* Problem requirements *
Find "2023 Chevrolet Malibu" in the material, then return exactly the line containing it and all lines after it to the end, leaving out pictures.

* Source data *

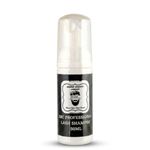 BBC Professional Eyelash Extension Shampoo, Lash Cleanser for Natural Lashes, Deep Cleansing Foam, 50ml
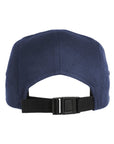 YP Classics Classic Jockey Flat Bill Cap 7005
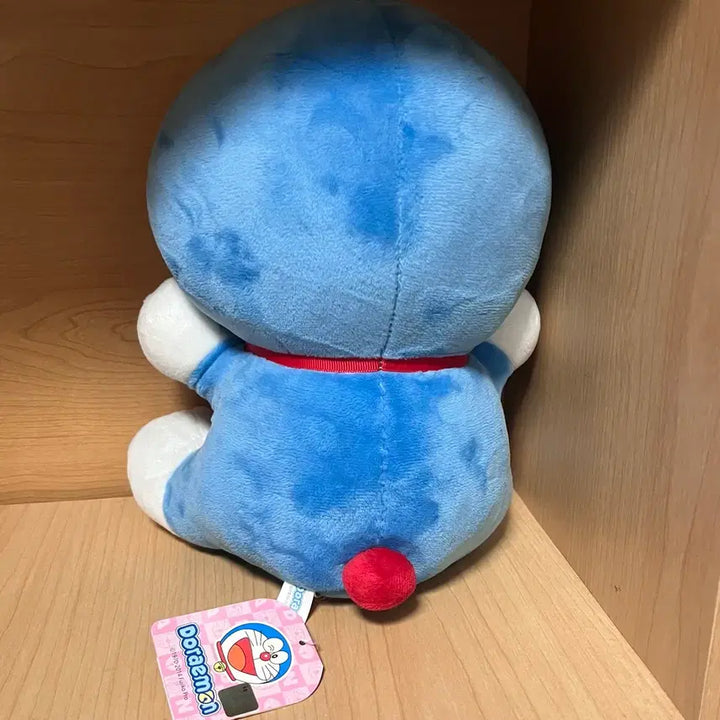 [BUNJANG] Doraemon 20cm Plush Toy / 도라에몽 20cm 인형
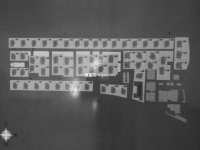 6室3廳3陽臺 黃金海岸別墅別墅客廳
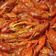 La cooksnap de David cuando cocinó Cangrejos de río en salsa picante
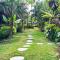 Villa Alisha Pererenan Canggu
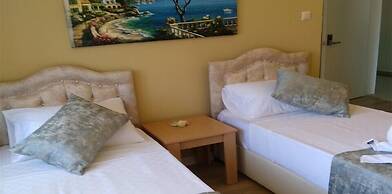 Merveille Hotel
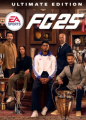 EA Sports FC 25 Ultimate Edition Nintendo Switch resim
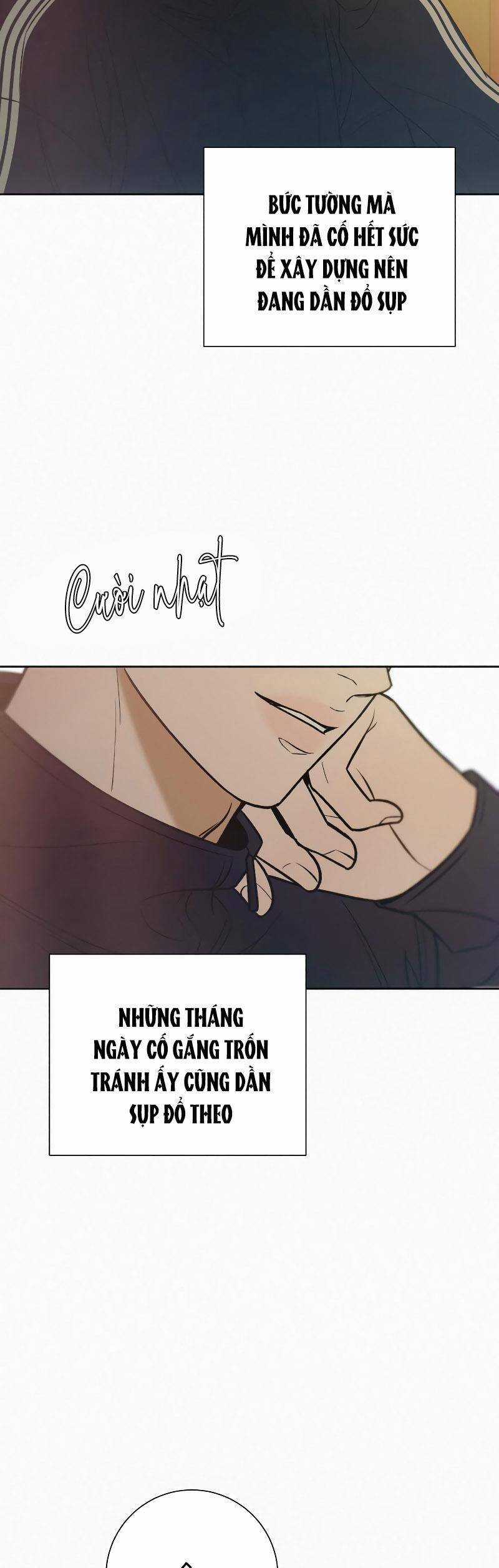 Tình Yêu Trong Sáng Chapter 98 trang 11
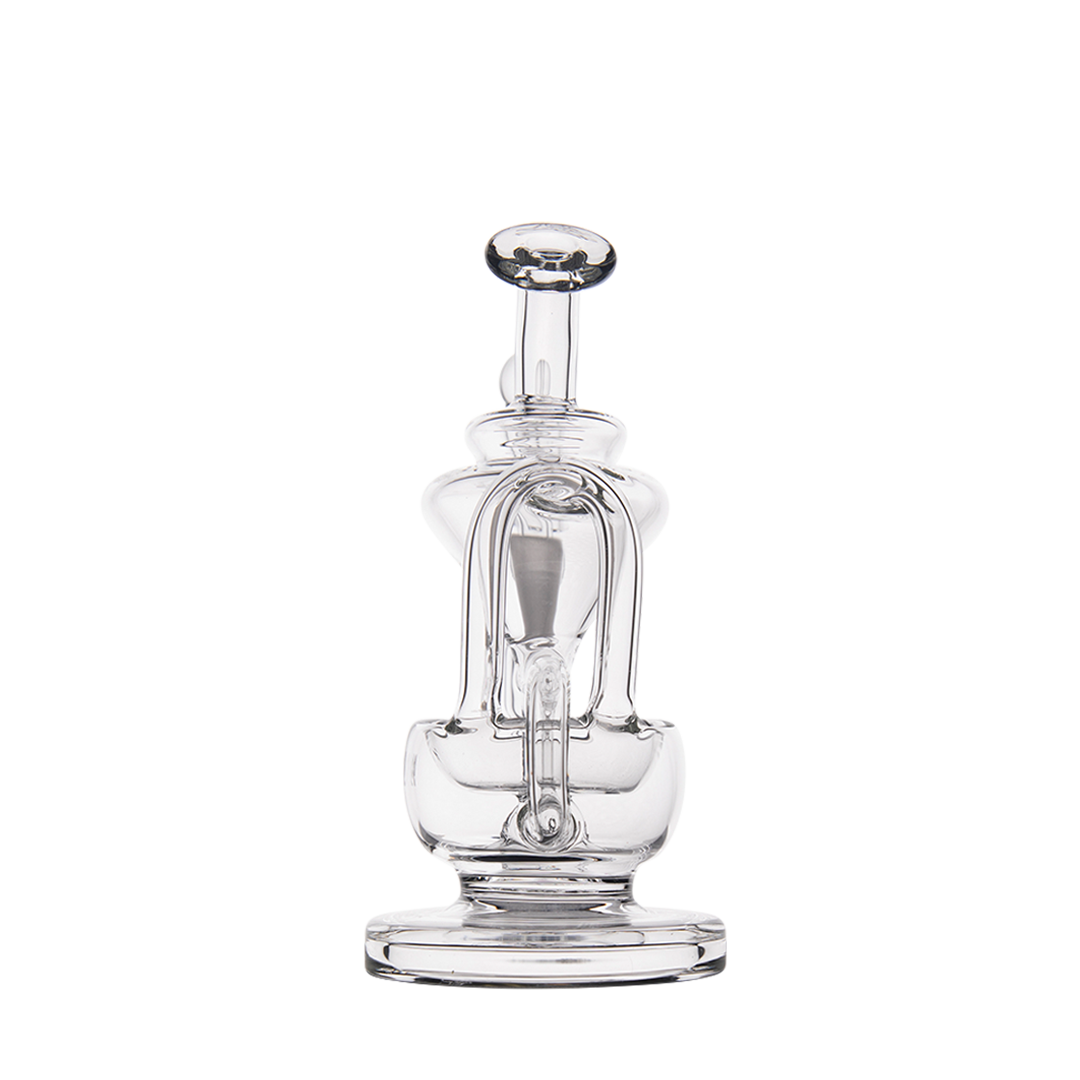 MJ Arsenal Claude Mini Dab Rig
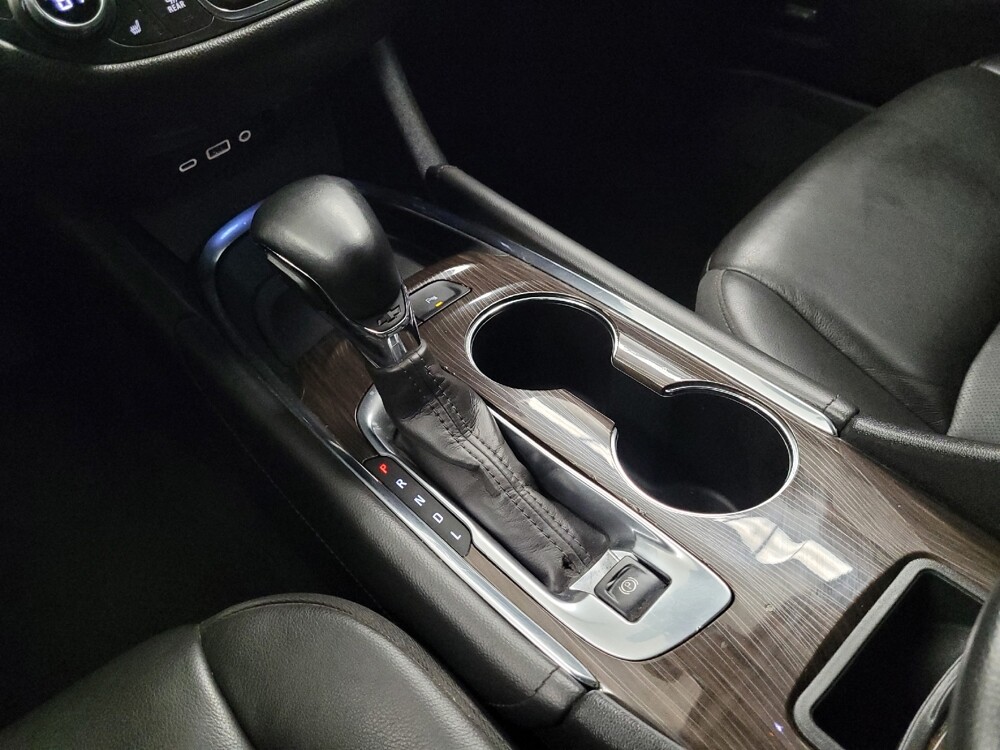 2023 Chevrolet Malibu in Houston, TX 77060 - 18141117 26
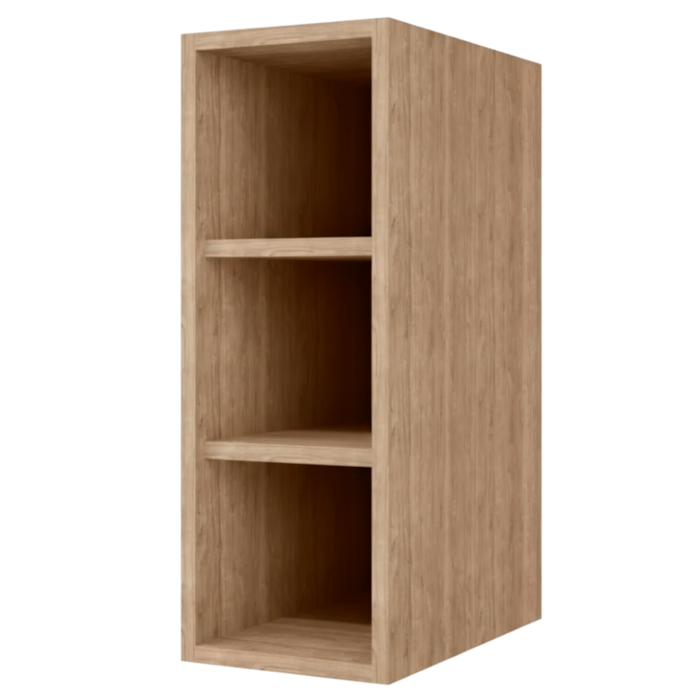 Nicho Aereo Adega BP 20 cm Aurora Freijo Eratto Moveis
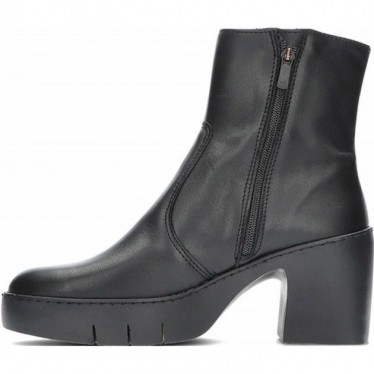 ART Damen-Stiefeletten Modell 1656 Sofia BLACK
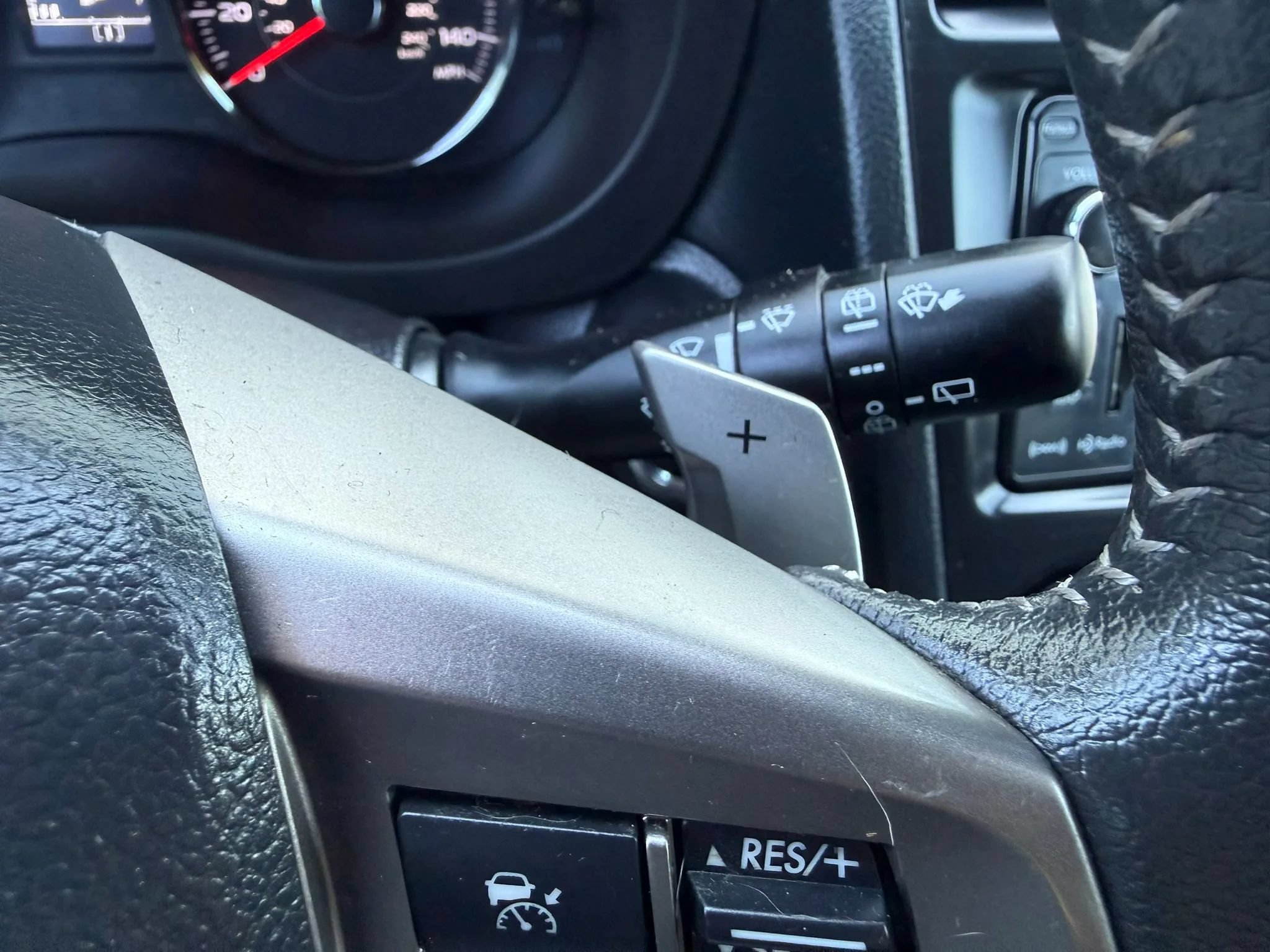 Used 2015 Subaru Forester 2.0XT Touring w/ Eyesight & Navigation System AWD/4WD image 38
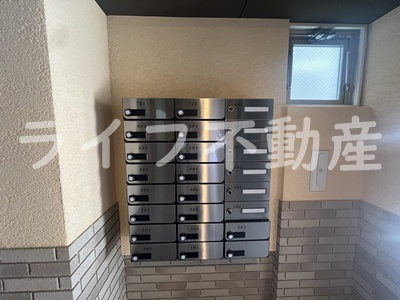 グラディオ友井のその他共用部分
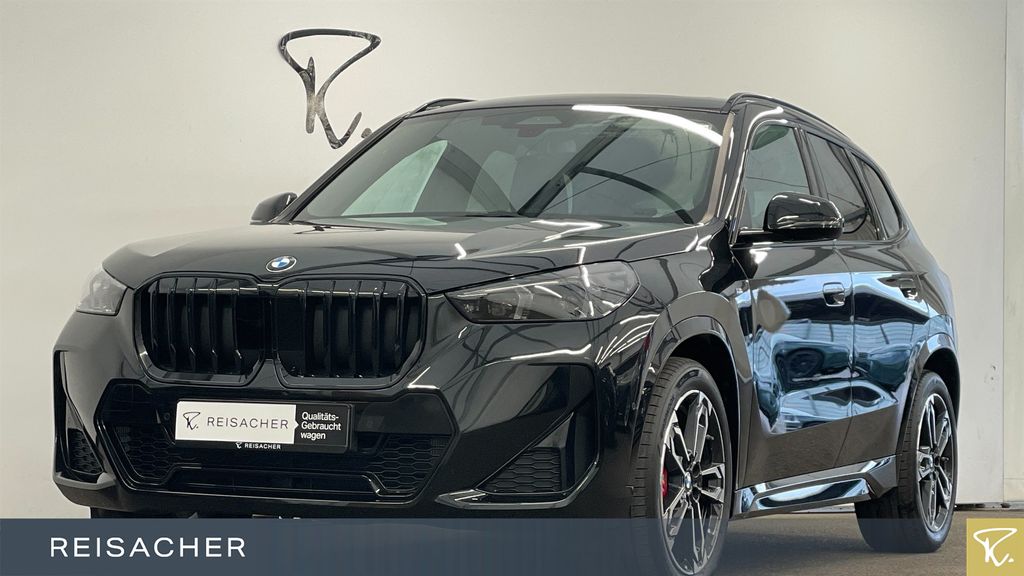 BMW X1 2025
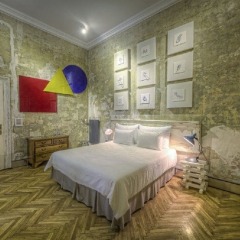 Отель Brody House Будапешт детские мероприятия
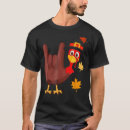 Search for hand turkey tshirts Language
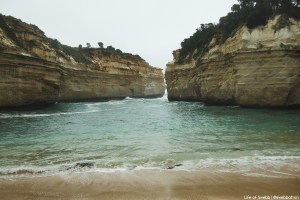 Loch Ard Gorge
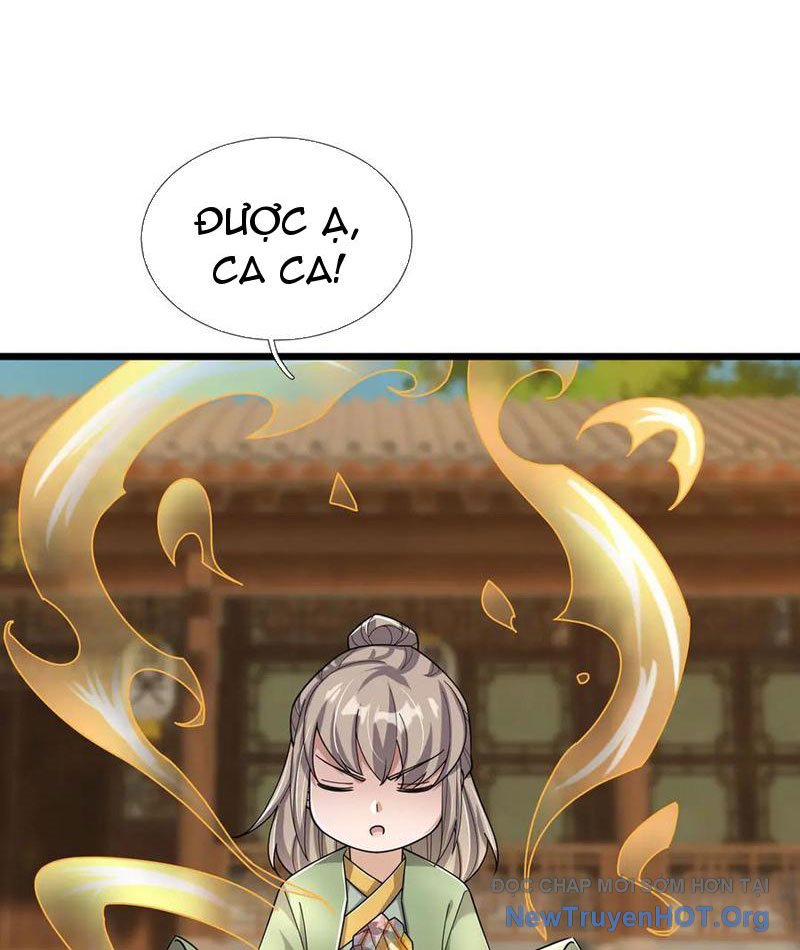 Ngủ say vạn cổ: Xuất thế quét ngang chư thiên chapter 108 - Trang 36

* Exercise output *
 2023 Chevrolet Malibu in Houston, TX 77060 - 18141117 26
 Nicho Aereo Adega BP 20 cm Aurora Freijo Eratto Moveis
 ART Damen-Stiefeletten Modell 1656 Sofia BLACK
 Used 2015 Subaru Forester 2.0XT Touring w/ Eyesight & Navigation System AWD/4WD image 38
 グラディオ友井のその他共用部分
 BMW X1 2025
 Отель Brody House Будапешт детские мероприятия
 Search for hand turkey tshirts Language
 Loch Ard Gorge
 Ngủ say vạn cổ: Xuất thế quét ngang chư thiên chapter 108 - Trang 36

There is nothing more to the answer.